或る人々の商談

米野よねこ

声売り屋

 男が一人、ビルの上で思い詰めていた。顔面は蒼白、脂汗をかき、体はぶるぶると震え、目はかぁっと見開かれていた。この光景を見れば、男が何をしようとしているかは明白であろう。男は、自らに嫌気がさしていたのだ。

 口を開けば言葉は足をもつれさせて「どもり」となって出てくるし、何とかそいつらをなだめすかして言葉を積み上げればそれは醜悪な化け物となって他人を襲い、男にとってとんと益をもたらさぬそれに、男は心底疲れ果てたのだ。
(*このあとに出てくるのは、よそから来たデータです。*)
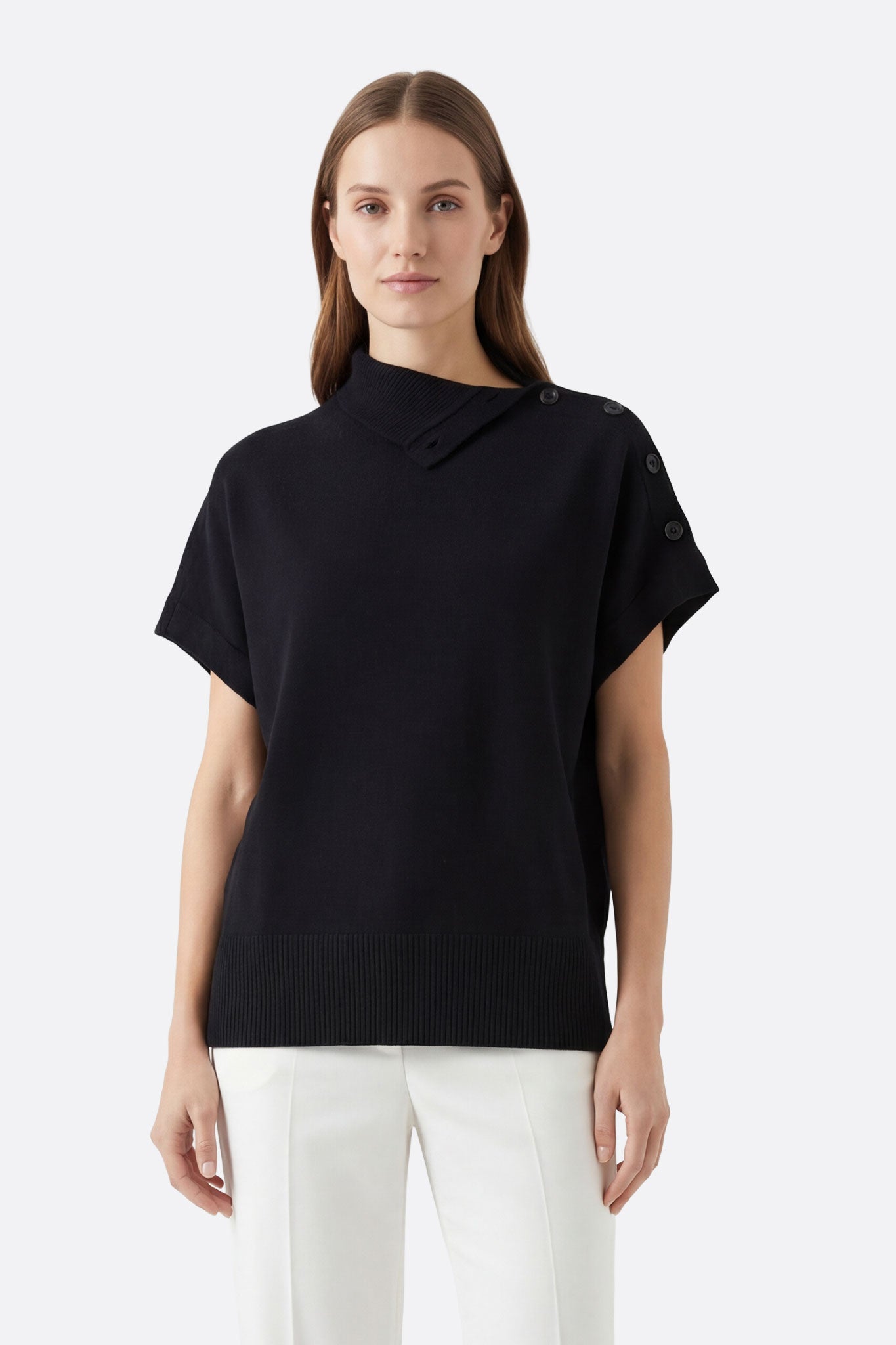 Pull noir à col montant boutonné porté de face, mettant en avant sa coupe oversize et sa maille douce pour un look chic.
 こんな体とはおさらば決めてしまって来世にでも期待しようと思い立ち、今ここまで来たまではよかったのだが、いざ事に及ぶ前に下を覗いてしまったのが悪かった。行き交う光にじっとしている光、すべての光がじいと男を見つめ、男が飛び降りるのを今か今かと待ち望んでいるかのように見えてしまったのだ。ひい、とのどが音をならす。肌がべたついて気持ち悪いと訴えかけてくる。心臓より先に足が怖気づいている。ええい、こんなにも体が駄々をこねるのでは、心でいくら覚悟を決めたところでどうにもならないではないか。などと自分自身に言い訳をしながら、数刻前まではもう歩くことはないと思っていた階段を再び踏みつけにするために後ろを振り返った。


 と。


「こんばんは……なにかお悩みのご様子で?」


 つるりとした雰囲気の、表情の見えない人間が至近距離でこちらに語り掛けてきたものだから、男はもうたまらない。ぎゃあ、だか、わあ、だかよくわからない悲鳴を上げて、一度決別の気持ちを固めたはずの欄干へと倒れこむ。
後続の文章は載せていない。